Nations unite to assist avoid illness outbreaks


The meeting took location on February 13, 2014, with the U.S. and other nations, like France, Russian Federation, Argentina, Republic of Korea, Australia, Canada, Chile, China, Germany, Ethiopia, United Kingdom, Finland, Georgia, India, Indonesia, Italy, Japan, Kazakhstan, Netherlands, Norway, Saudi Arabia, Turkey, Uganda, South Africa, Vietnam, and Mexico.


Reviews from scientists assert they detected the spread of a amount of older ailments in new spots, which consists of the 1st manifestation of mosquito-borne chikungunya virus in the Caribbean.  Nonetheless, at this most current meeting, the U.S. praised China for alerting other nations about the emergence of last year’s bird flu.
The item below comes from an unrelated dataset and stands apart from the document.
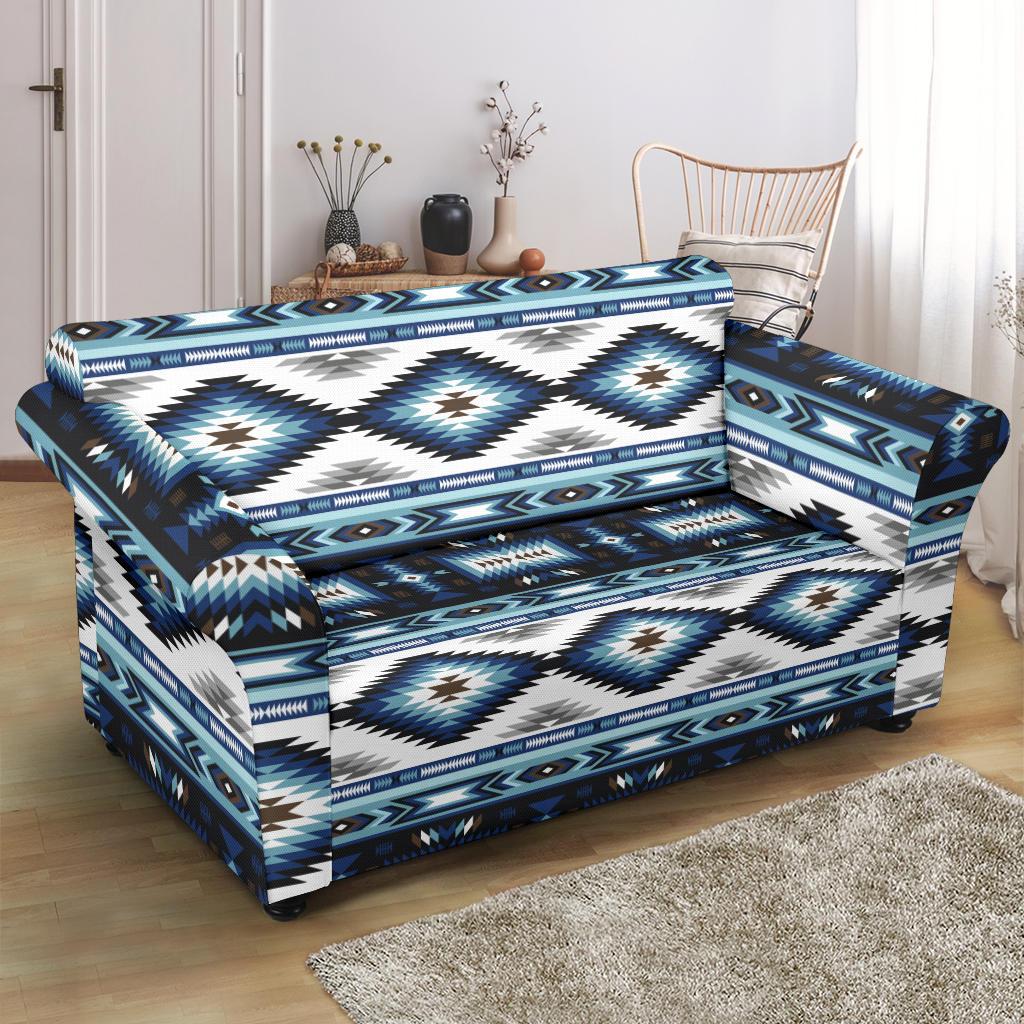 Navajo Dark Blue Print Pattern Loveseat Slipcover-JTAMIGO.COM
Saudi Arabia attended the meeting, as well.  Their attendance is significant, in that nations are playing near attention to a mysterious new respiratory virus emerging in Saudi Arabia.  According to the Centers for Disease Handle and Prevention (CDC), the Middle East Respiratory Syndrome (MERS) was 1st reported in Saudi Arabia in 2012.  MERS is a viral respiratory sickness triggered by coronavirus referred to as MERS-CoV.


Targets of the Worldwide Health Agenda to fight illness outbreaks


The purpose of this new energy entails the U.S. collaborating with other nations to boost nearby condition monitoring and avert disease outbreaks, build exams for various pathogens, and aid areas develop and strengthen programs to respond and report to public health emergencies.


The Obama administration is in the hunt for $ 45 million for new funding to expand the work.  In addition, the CDC strategies to redirect $ forty million from its present spending budget for equivalent tasks in 10 other unnamed countries.